REQUIRED ACTION » Your answer must repeat all of the entries word for word, without any images.

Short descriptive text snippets

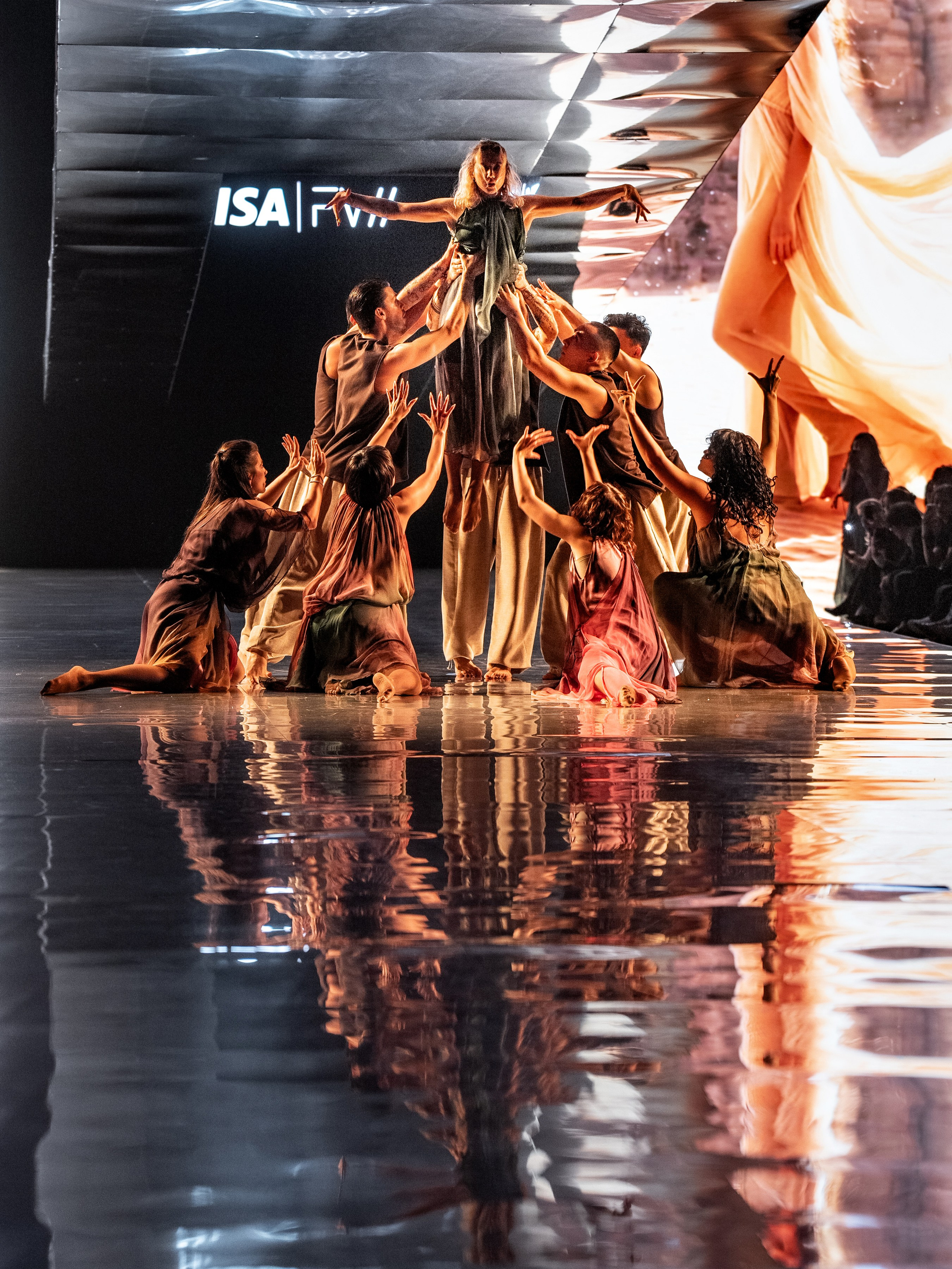 Kazakhstan Fashion Week Zardozi. Сайт Алматинского НЮ АРТ, будуар и фэшн фотографа Дениса Карпенко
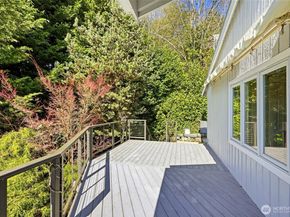 8449 W Mercer Way, Mercer Island WA 98040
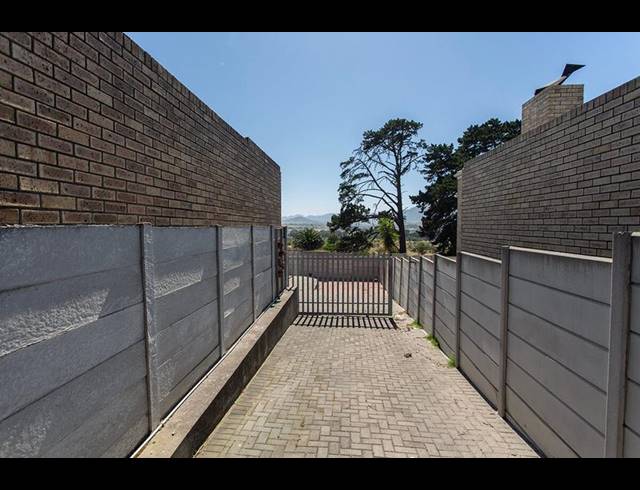 3 BEDROOM PROPERTY TO RENT IN NORMANDIE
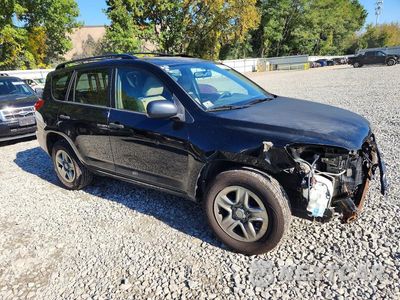 Czwarte zdjęcie samochodu z boku: 2009 TOYOTA RAV4 BASE VIN:JTMBF33V19D008372 - miniatura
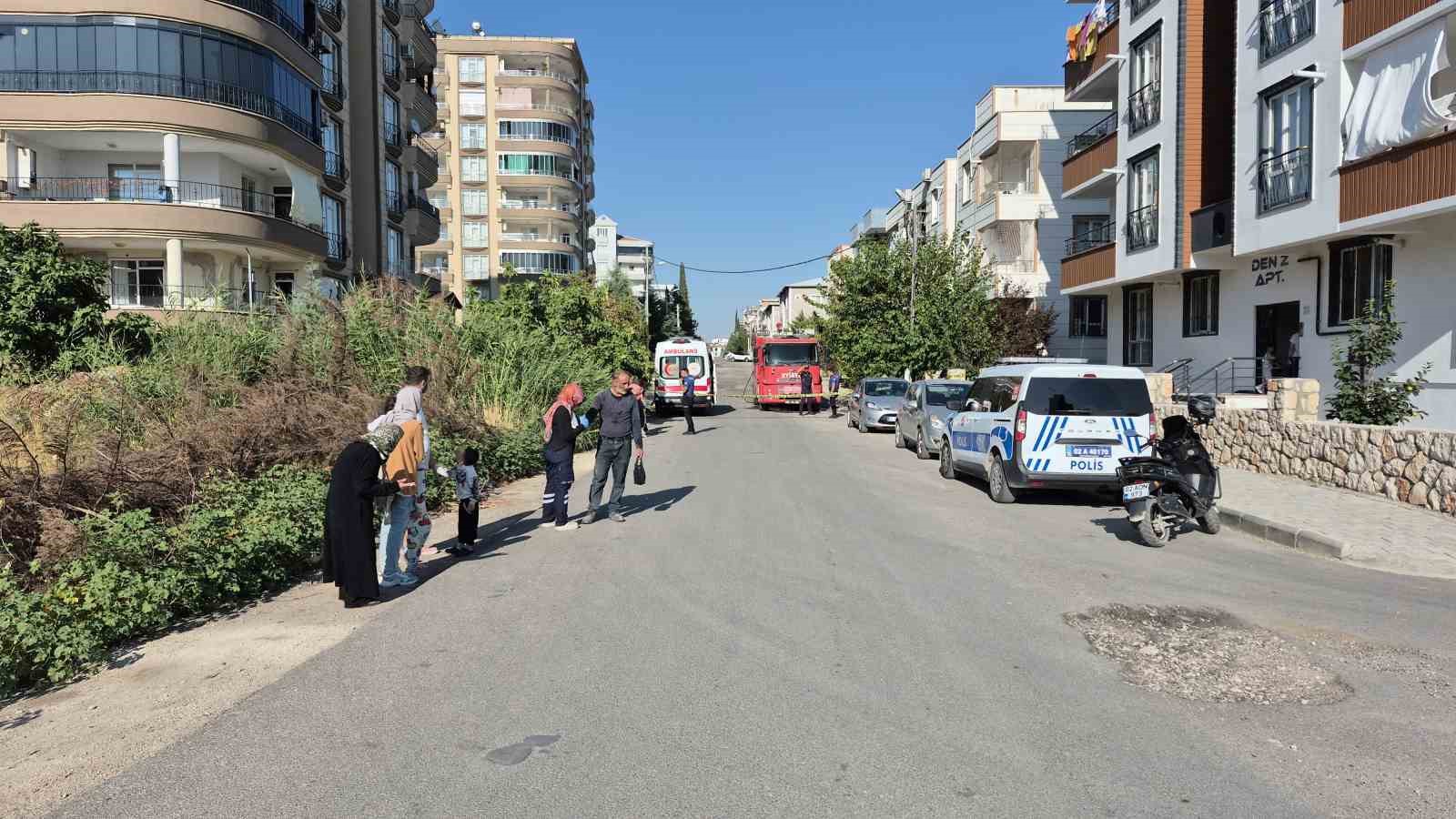 Yangında 3 kişi dumandan etkilendi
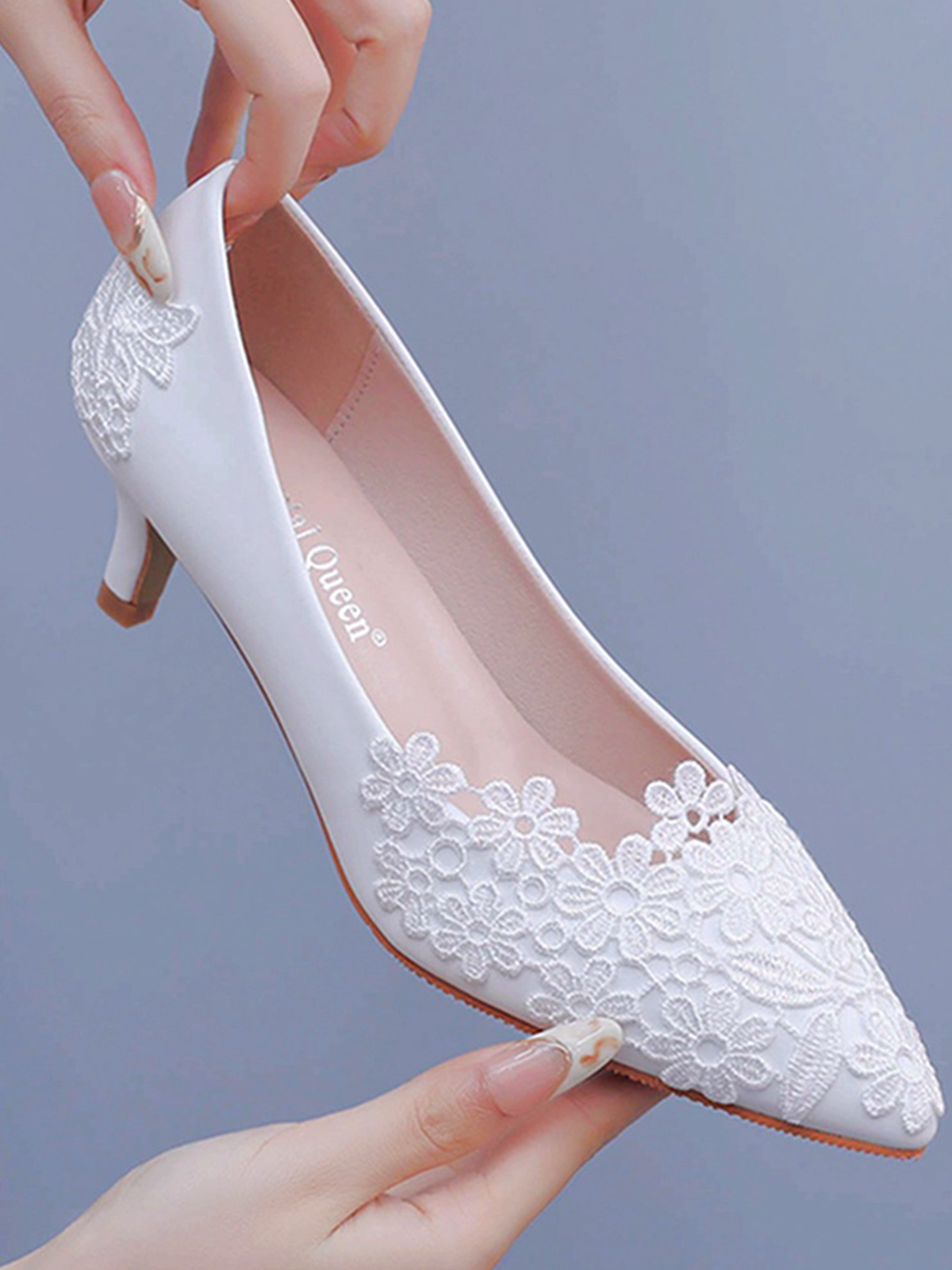 Elegant Simple Lace Flower Wedding Shoes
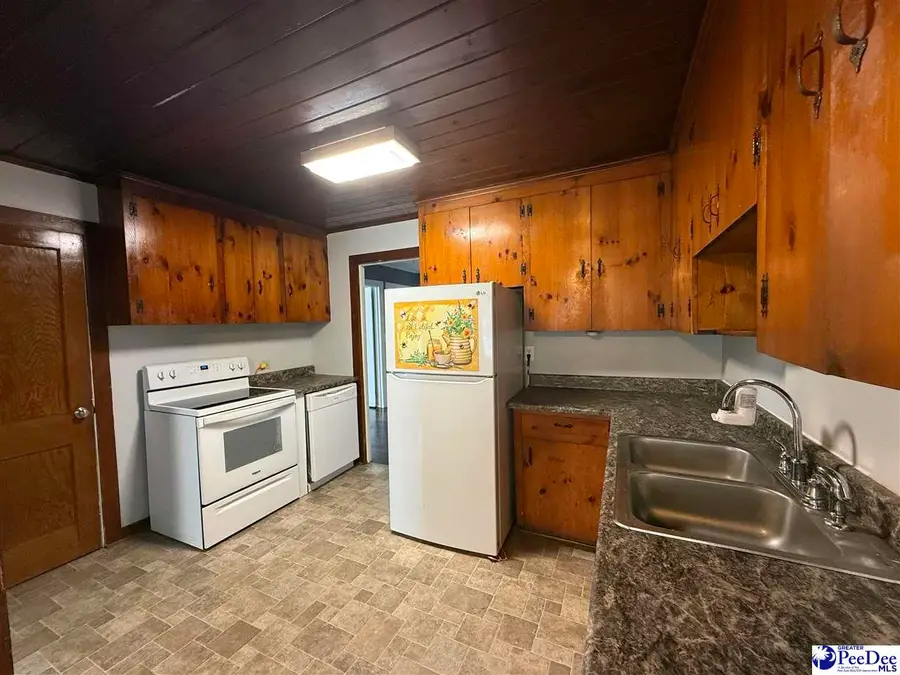 108 Hartzell, Cheraw, SC 29520 - #3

RESULT »
 Kazakhstan Fashion Week Zardozi. Сайт Алматинского НЮ АРТ, будуар и фэшн фотографа Дениса Карпенко
 8449 W Mercer Way, Mercer Island WA 98040
 3 BEDROOM PROPERTY TO RENT IN NORMANDIE
 Czwarte zdjęcie samochodu z boku: 2009 TOYOTA RAV4 BASE VIN:JTMBF33V19D008372 - miniatura
 Yangında 3 kişi dumandan etkilendi
 Elegant Simple Lace Flower Wedding Shoes
 108 Hartzell, Cheraw, SC 29520 - #3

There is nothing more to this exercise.